A lot of parents wonder when the best time to share a pregnancy with their young children is.  For me, it’s always been right away.  There are a few main reasons people use when they say it’s better to wait but I personally believe the concerns people have are actually reasons to share sooner.  Here are my thoughts on it:

What if I have a miscarriage, how do I explain that to my child?  Won’t you have to explain it anyways?  Children pick up on when their parents are sad so unless you’re going to hide your extreme sadness and grief in the event of a miscarriage, I personally think it would be easier to explain the concept of a miscarriage after to a child who's already been introduced to the concept of a new baby rather than trying to explain both at the same time.

Hannah Kiss

Young children don’t really understand anyways so there’s no hurry.  That one is a complete lie and misunderstanding of young children.  We told my first daughter I was pregnant with #2 when she was only 15 months old (and I was only 4 weeks along).  Every morning when we woke up I would say “Honeybun, there’s a baby in Mommy’s tummy!”  She understood when the baby was making me sick and when we went in for the ultrasound she understood what she was supposed to be seeing.  At the ultrasound for baby #3, she was naming parts on the ultrasound before I could, “Mommy, that’s the baby’s arm!”

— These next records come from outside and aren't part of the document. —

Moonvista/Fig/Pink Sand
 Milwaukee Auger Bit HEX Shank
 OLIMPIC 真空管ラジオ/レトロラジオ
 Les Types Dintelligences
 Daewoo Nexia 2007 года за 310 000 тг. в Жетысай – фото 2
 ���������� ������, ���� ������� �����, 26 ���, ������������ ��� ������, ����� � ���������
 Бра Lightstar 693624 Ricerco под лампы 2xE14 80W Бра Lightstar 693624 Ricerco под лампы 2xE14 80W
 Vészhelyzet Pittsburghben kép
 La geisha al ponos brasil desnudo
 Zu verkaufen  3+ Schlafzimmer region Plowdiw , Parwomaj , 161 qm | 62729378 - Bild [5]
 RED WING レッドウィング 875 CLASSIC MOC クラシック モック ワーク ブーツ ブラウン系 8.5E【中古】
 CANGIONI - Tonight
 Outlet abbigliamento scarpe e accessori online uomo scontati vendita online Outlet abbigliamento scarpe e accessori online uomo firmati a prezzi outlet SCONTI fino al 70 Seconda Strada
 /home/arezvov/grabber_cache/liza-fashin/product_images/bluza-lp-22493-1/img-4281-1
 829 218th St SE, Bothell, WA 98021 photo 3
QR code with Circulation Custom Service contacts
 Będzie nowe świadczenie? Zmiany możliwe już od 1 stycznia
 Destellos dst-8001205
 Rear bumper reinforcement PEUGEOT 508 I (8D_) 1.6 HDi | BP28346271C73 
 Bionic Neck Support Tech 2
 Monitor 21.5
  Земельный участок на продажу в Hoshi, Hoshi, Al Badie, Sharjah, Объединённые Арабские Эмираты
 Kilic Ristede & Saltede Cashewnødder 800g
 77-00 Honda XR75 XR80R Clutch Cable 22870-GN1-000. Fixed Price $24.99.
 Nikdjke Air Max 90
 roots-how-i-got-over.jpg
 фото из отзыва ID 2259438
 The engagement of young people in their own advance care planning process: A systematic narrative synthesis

9 months is an eternity for children to wait so why rush it?  I’ve found the more time you have to talk about the new baby the better.  Children process and absorb things at different paces, something as abstract as a new baby takes time to understand so allowing the child to have time to think about it and ask questions is really helpful.  By the time my scond daughter arrived,  my first was so excited to see her baby sister we never had a problem with rivalry or attention because the baby had already been a real part of our lives for 8+ months.

Children don't understand time and won't understand what is taking so long.  This is true, but for me the excitement outweighed the constant “is your baby coming out now?” questions and I just use those as opportunities to discuss the baby's growth and devloplement and our future with the baby.  We looked through books with pictures of growing babies and talked about what life will be like.  I asked my girls questions like “what do you want to do with the baby when it comes out?”  and “what kind of things do you think the baby will like/need?”

SONY DSC

I'm afraid my child will be upset by the news, s/he's been the baby for so long!  How you deliver any news about the baby is key in how your child reacts.  If you always talk about the baby joyously and lovingly, it’s likely your children will be excited too.  Likewise, if you deliver the news hesitantly, weary of their reaction, there’s a good chance they’ll pick up on your apprehension and think it’s a bad thing and will react accordingly.  Of course when talking about the realities of a baby such as the crying and how much time and attention the baby will need it’s okay to be serious, but I always try to put a positive spin on everything and stay upbeat and always talk about the fun things about babies too.

I’ve also found the more often you talk about it the more excited the kids will be and the more likely they will be ready for the baby when s/he arrives.  When I was pregnant with #3, the baby came up all the time and my girls asked tons of questions and I always answered truthfully.  My girls already knew pretty much everything about the baby inside and how it was going to get out.  Older kids may also ask how the baby got in there also but luckily that was never an issue for us.

The younger the kids are, the less they’re going to really understand and sometimes they’ll make their own understandings.  I let my girls feel the baby moving and tried to explain what was going on (hiccups or if they were poking at the baby’s bum).  My second daughter thought the baby was “walking awound in dere” and always talked to the baby through my belly button (even though I knew that’s not where the baby was hanging out) but the most important thing to me was that she knew there was a real, live baby in there and she wanted to engage with him.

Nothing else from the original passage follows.